Solomon Nelson, associate professor of English and recent Patricia Lavender Educator of the Year recipient, has been with Trocaire for six years and has brought with him a myriad of expertise and experience.
Solomon said what he likes best about Trocaire is that it is a friendly place to work, and that he has the freedom to explore academic pursuits. Currently, he is working on two articles for publication.
Solomon has a doctorate in English literature and integrates a variety of topics into his lectures, such as ethnicity, LGBT issues, race and gender. In addition, he co-founded Trocaire’s Film Club, a group that has screened and facilitated viewing and discussions of seven films over the last four years.
“Film Club was started to foster an intellectual culture in our campus,” he explained. “Sometimes, students learn better when they don’t feel the pressure to perform and prove themselves. The club is a team effort, where faculty, staff and students come together in an informal setting to not only watch a film but also get a chance to talk about the film and learn from each other.”
Service learning is also important to Solomon, and he includes it in his courses—for example, one project involved serving a Thanksgiving meal to local refugees.
“As a student, I enjoyed service learning a lot … it helped me bridge the gap between what is learnt in the classroom and the life that is lived outside of it,” he said. “I want to extend the same opportunity to my students.”
He also co-chairs the TroGreen team that works to reduce waste and foster environmental awareness within the college community.
“I’m involved in TroGreen activities because I’m convinced that we are at the crossroads of the biggest environmental crisis of our life time, and we have a chance to make a difference,” Solomon said. “The environmental conservation that is happening around the world is probably one of the biggest grassroots movements in the history of the world, and I’m happy to be part of it.”

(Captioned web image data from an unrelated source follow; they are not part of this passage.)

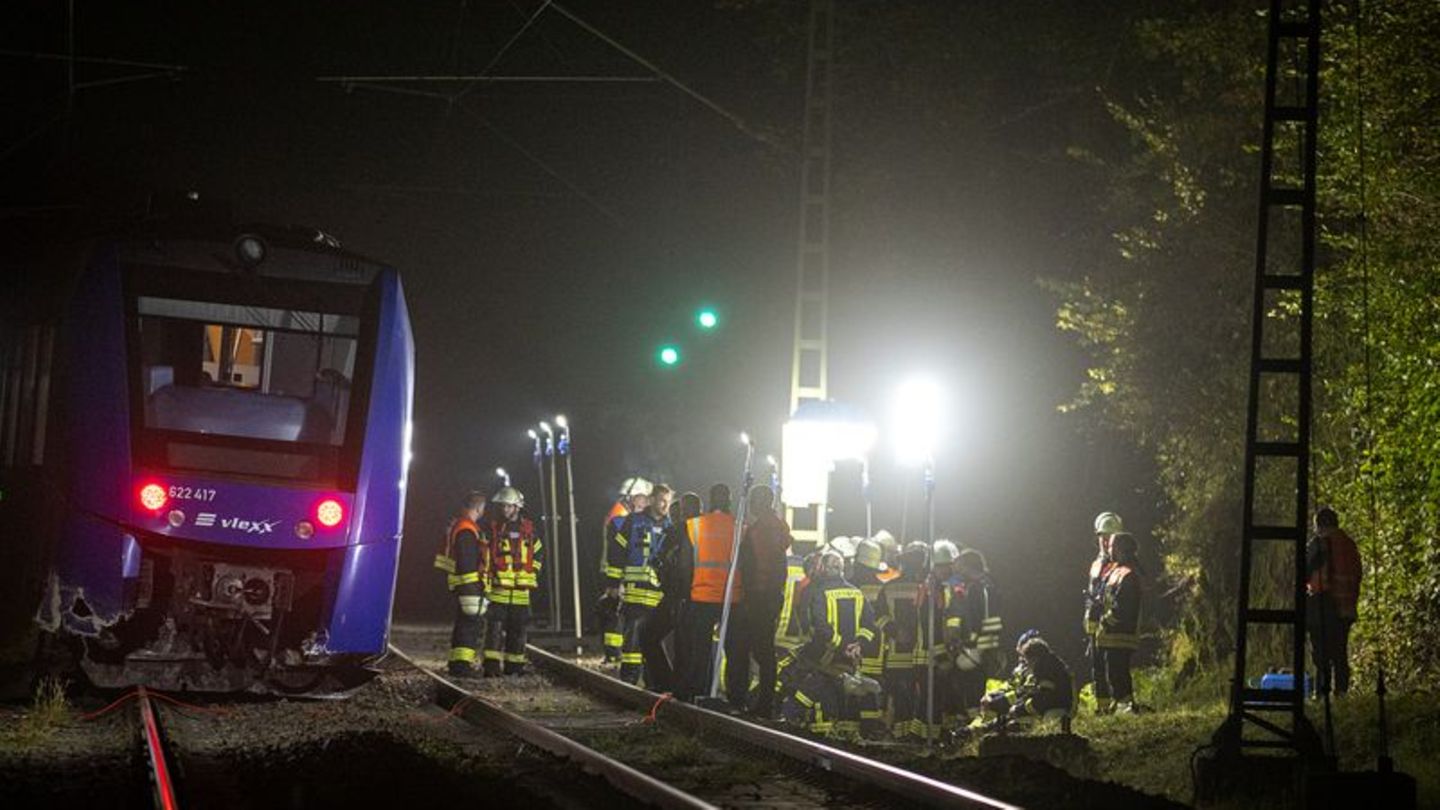 Bahnunfälle: Strecke nach Zugentgleisung im Saarland weiter gesperrt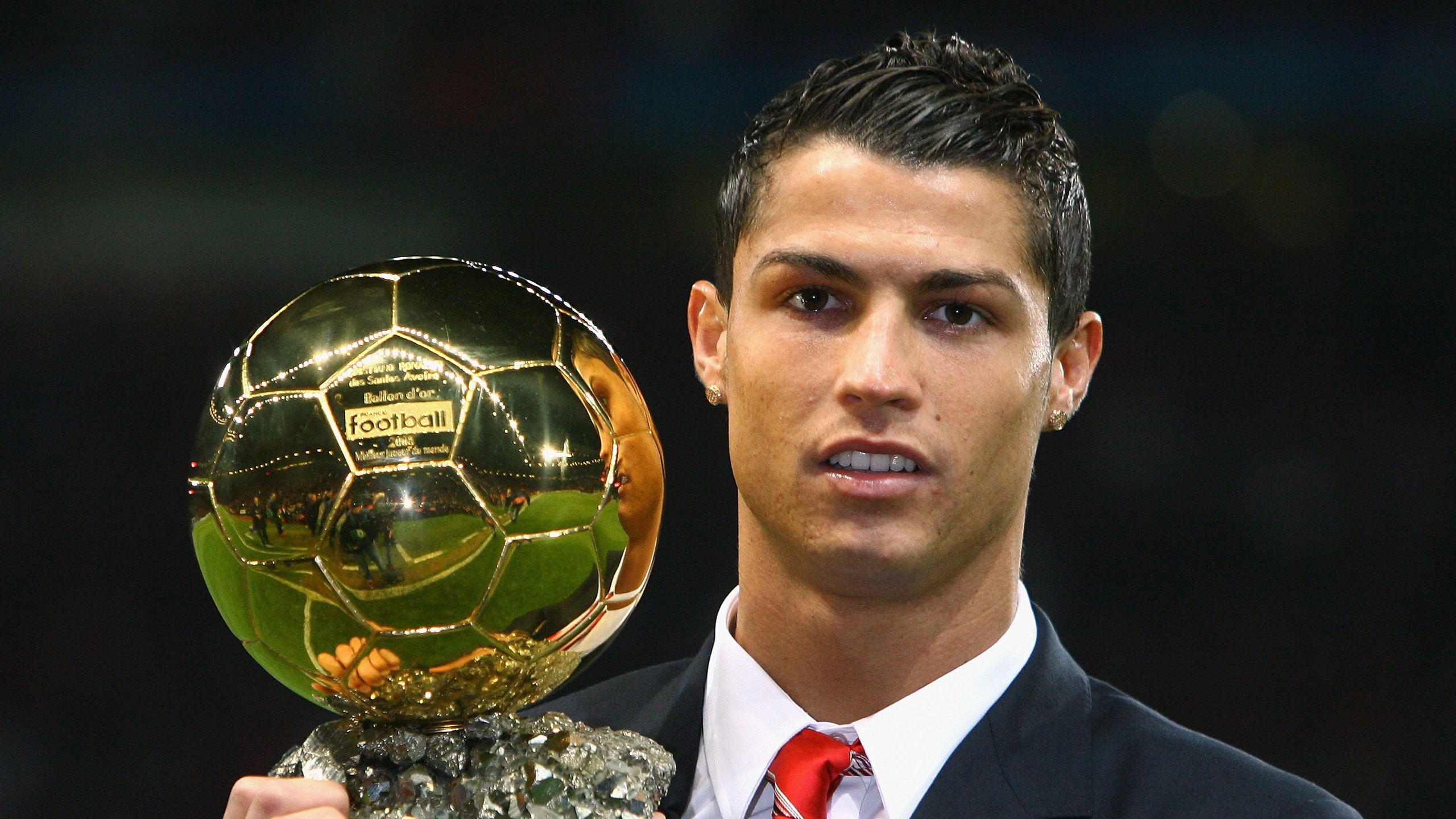 开云电竞账号入口-战术探秘：不同球队的核心战术揭秘，球队打法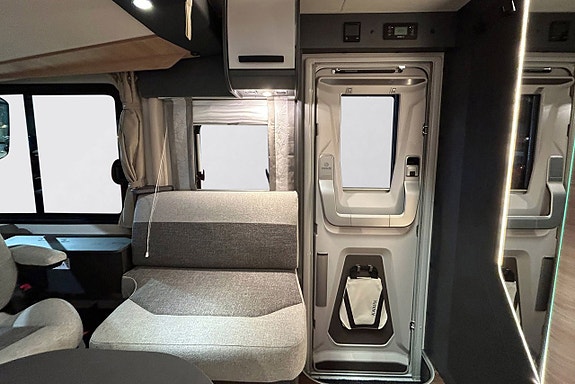Knaus L!VE I 700 MEG 180hk AUTOMAT LÅNGBÄDDAR ALDE 5-SITS 7 of 30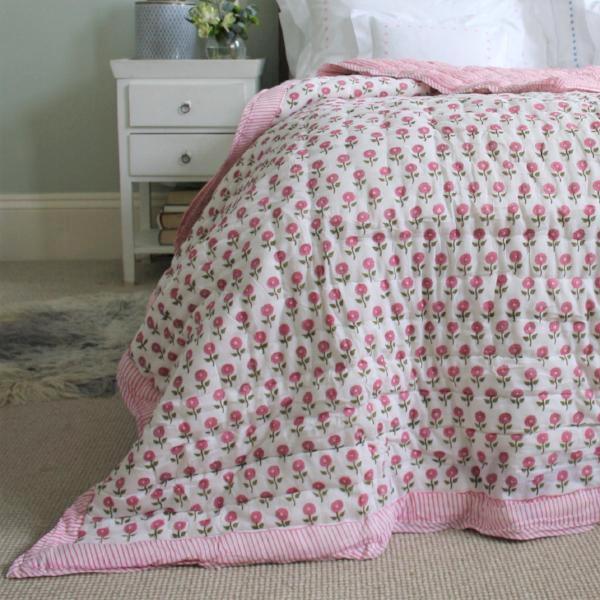 Daisy Pink Cotton Quilt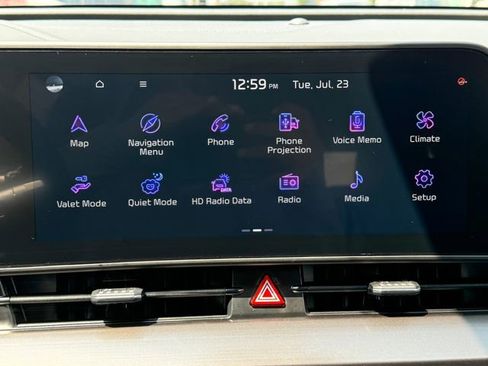 Certified 2025 Kia Sportage EX image 42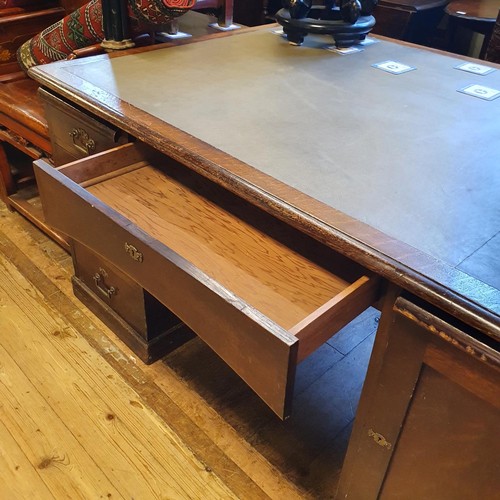 1191 - A partners' oak desk, 154 cm wide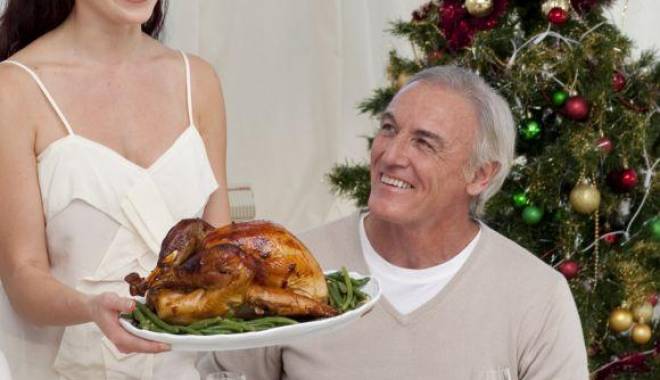 Cum să te ții departe de excesele alimentare la mesele festive - 26decexcesealimentare-1419668406.jpg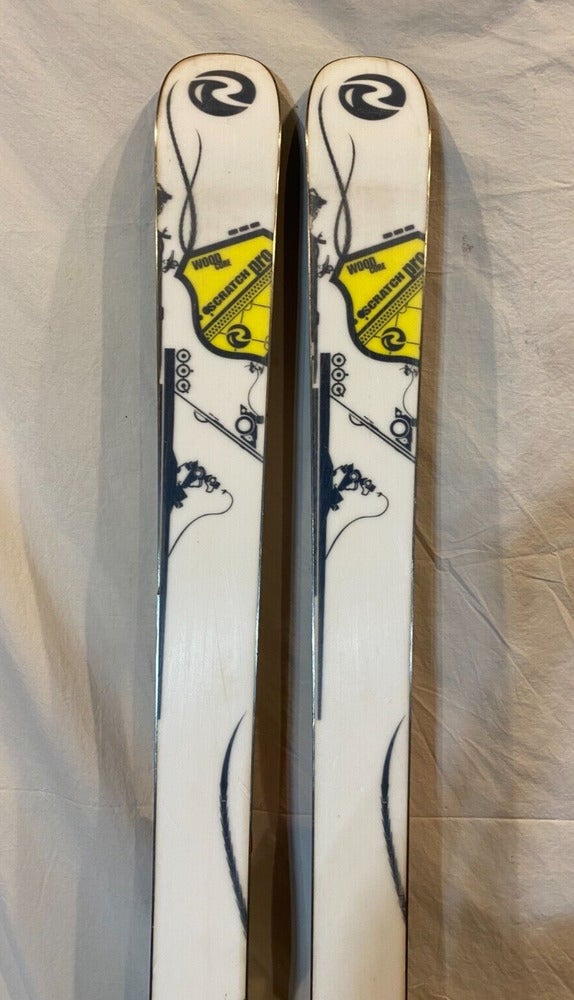 Rossignol Scratch Pro FS 158cm Twin-Tip Freestyle Skis Salomon C607  Bindings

Solomon has been married to his wife, Julia, for 10 years, and together they have two boys, ages 6 and 2. He is active in his faith and plays drums in the band Eleventh Hour. He is also on the Elder Board at his church and has taught faith-based courses there.

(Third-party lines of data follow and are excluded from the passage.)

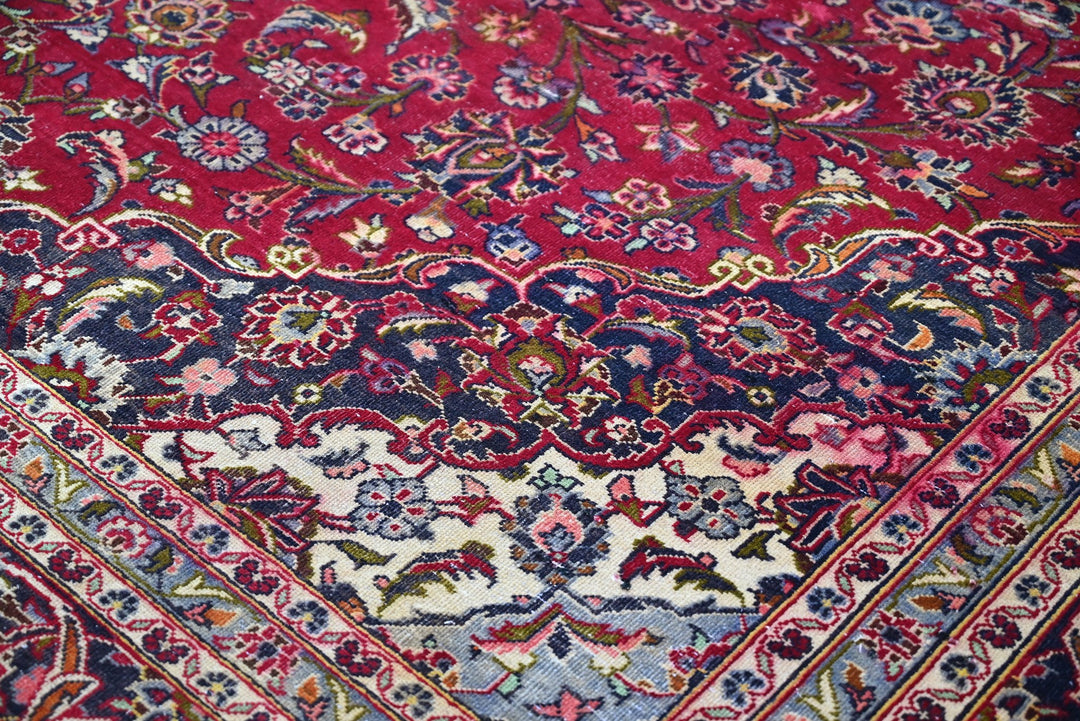 red Oversized rug 9' 6" x 11' 10"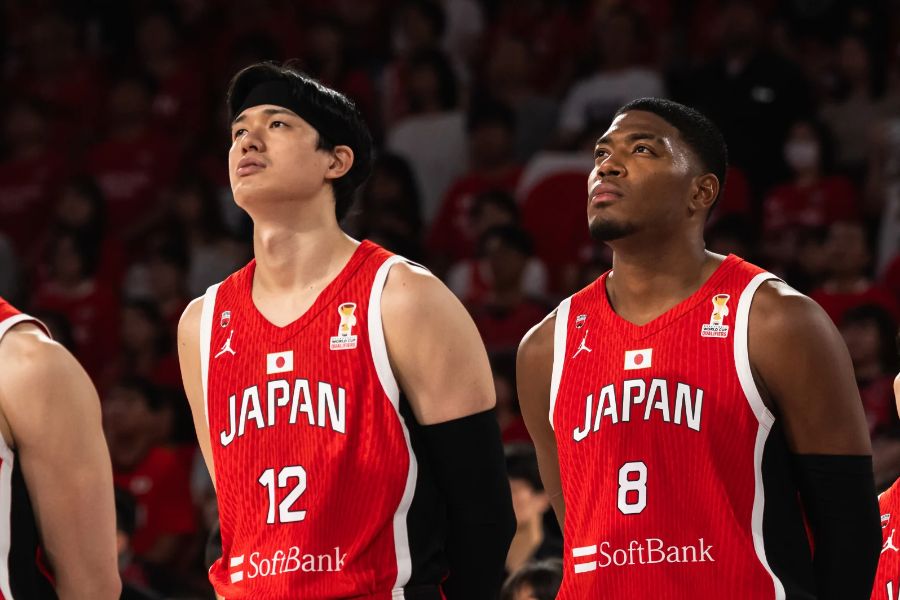 カタール戦に出場した渡邊雄太(左)【写真:FIBA提供】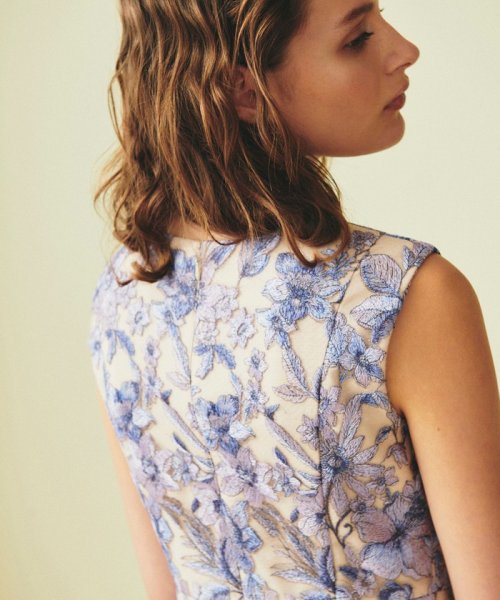 チュールフラワー刺繍ドレス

When asked why he became a teacher, he responded that in addition to several college professors who mentored him, he was inspired by his grandfather who started the first school in his village in south India.
“He was a visionary who served his community well,” Solomon said. “He was inspired by the Anglican and German missionaries who helped him with his education. Instead of choosing a better life for himself, he went back to his village and started a school to help educate the children of his community. For a very long time, his was the only school in the community.”
In addition to his scholarly writing, Solomon is also working on a part-historical, part-political novel based on his grandfather.